Missing teenagers has been a hot-button issue in the DMV (and across the nation) since 10 black females recently went missing in D.C. in the span of a week.

D.C. Police credited their increased use of social media for bringing more attention to the issue.

Although police said there was no uptick in the amount of missing girls, community members still felt inclined to draw more attention to the issue — starting their own search committees.

On Wednesday, the Joe Clair Morning Show talked with Chanel Dickerson, the new commander of the D.C. Police Youth and Family Services Division, about the reasons these teens are missing and how families can avoid the problem.

Joe Clair: What is going on? Why are these missing?

Dickerson: I want to start by saying that one missing person is one person too many, so when I say that we have not experienced an increase in the missing person cases, I’m in no way minimizing the number of reported cases.

Joe Clair: Why does it seem like there is a surge?

Dickerson: When I joined the Youth and Family Services division in December of 2016, I increased the number of press releases and social media posts about the missing juveniles in the city…which has caused great concern that juveniles were being abducted or victims of human trafficking.

Steph Lova: We’ve been hearing that most of these are runaways, is that true?

Dickerson: Sadly, that is true.

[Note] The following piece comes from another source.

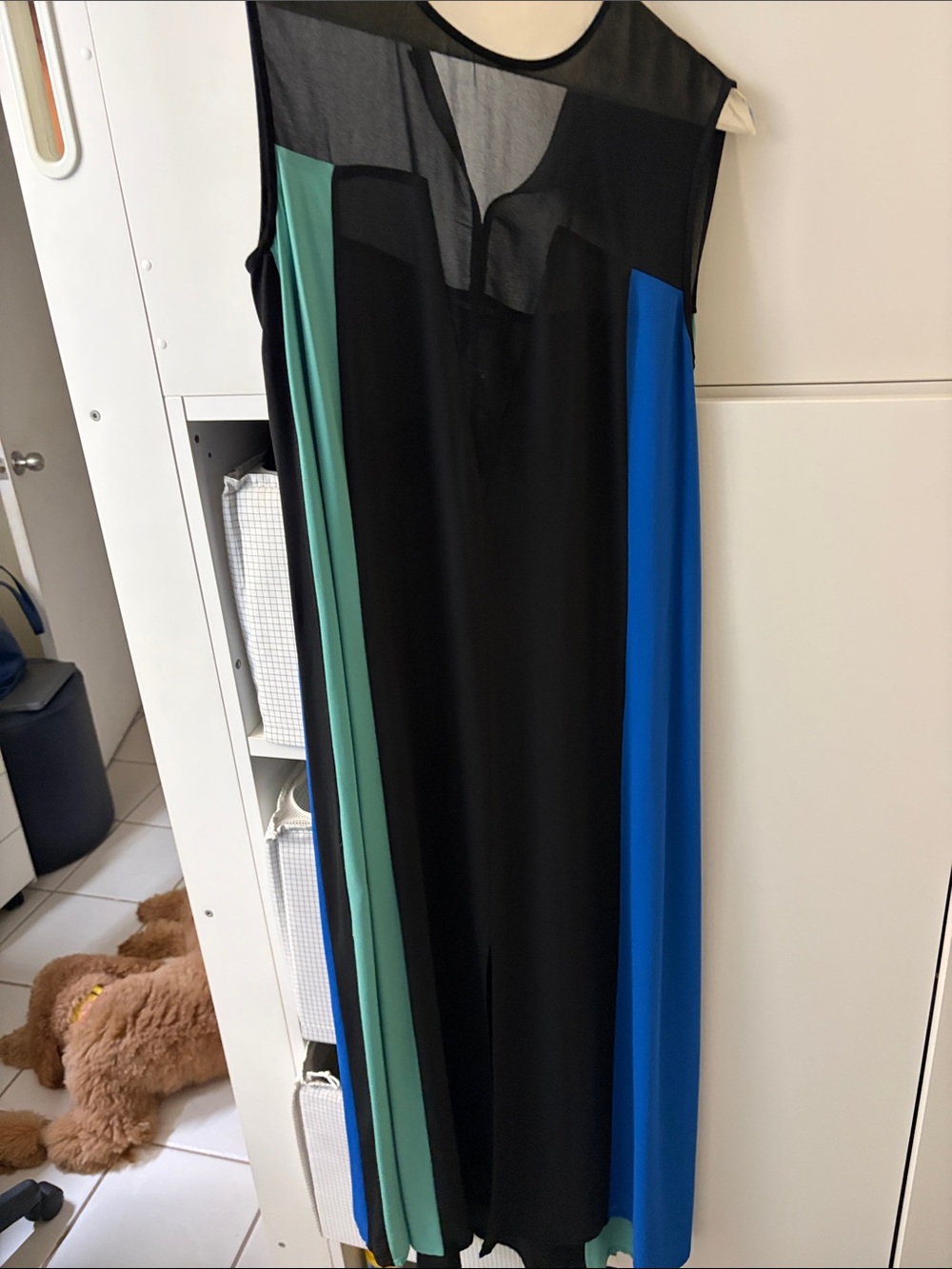 BCBGMaxAzria Black Maxi Dress with Teal and Bright Blue Panels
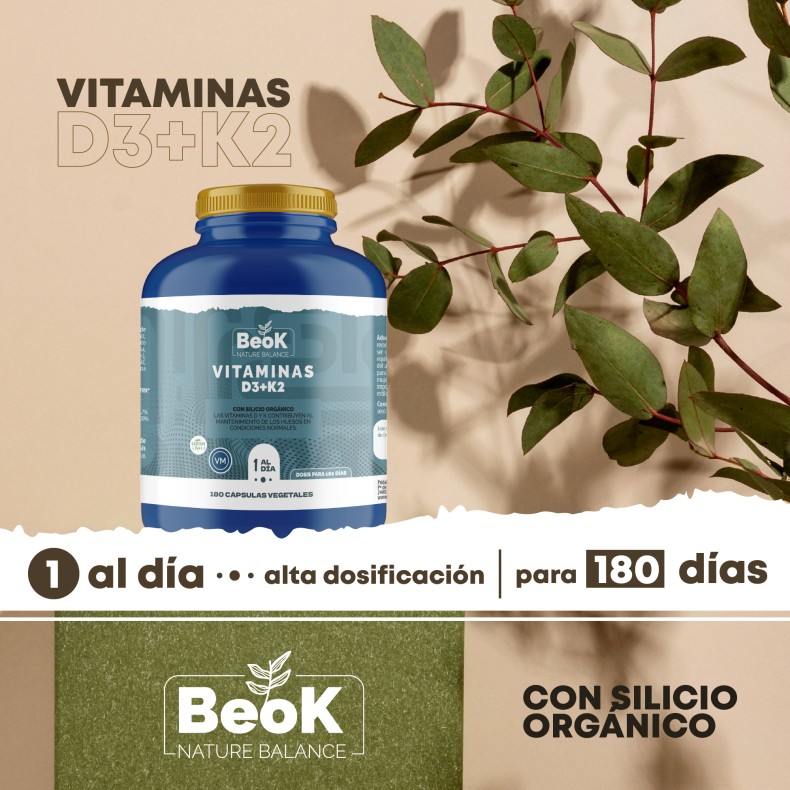 BEOK Vitamina D3 + K2 180 cápsulas vegetales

A large number of our cases are runaways and I am concerned because while they are missing, they’re without parental guidance, absent from school, and at risk of victimization.

Joe Clair: Why do you think so many are running away?

Dickerson: I have no idea, I’m just trying to get to the bottom of it. I’m trying to solicit help from communities and faith-based organizations to find out the root cause why so many young people in our city are voluntarily leaving home.

Joe Clair: And once again, this is no new epidemic? This is something that’s been going on but just since December you’ve done a lot more press so that we’re just now taking note of the numbers?

Dickerson: That’s absolutely correct. I just want to make sure that every case receives the same level of attention and service.

Steph Lova: So are you having any success with bringing some of these teens home safely and closing some of these cases?

Dickerson: Most of the teens are located within a short period of time. Since the press releases and social media posts, my email is overwhelmed and I’ve received so many phone calls of people thanking me for putting the press out there.

Joe Clair: What safety and preventative measures can you suggest for parents and for teens?

Dickerson: The first thing I would like to ask everyone to do is just talk to the young people. We have to start there, it’s as basic as talking to them and seeing what’s going on. A lot of young people will not share with the police why they’re leaving home or where they were. So we just need the communities to get involved. When you see a young person, talk to the young person, ask them how their day is going or how they’re doing in school.

Joe Clair: What can you say to young people who may be contemplating leaving?

Dickerson: I would tell them to think about their decision because it could affect the rest of their lives. I want the teens and any person that’s reported missing in the District of Columbia to know the Metropolitan is committed to investigating their cases and we will come look for them. I would also like to tell anyone that’s thinking about preying upon a young person in the District of Columbia, we will come looking for them and we will find you.

Joe Clair: What preventative measures can young people take, specifically so they don’t become a victim of human trafficking?

Dickerson: Stay home, it’s as simple as that. If they stay home, it reduces the risk. I’m not saying that’s the fix-all but that’s where we have to start. We have to start small, this is a problem and it’ll take a community effort, but we have to start small.

Community members and celebrities took issue with Dickerson’s advice to “stay home” to avoid the dangers of trafficking.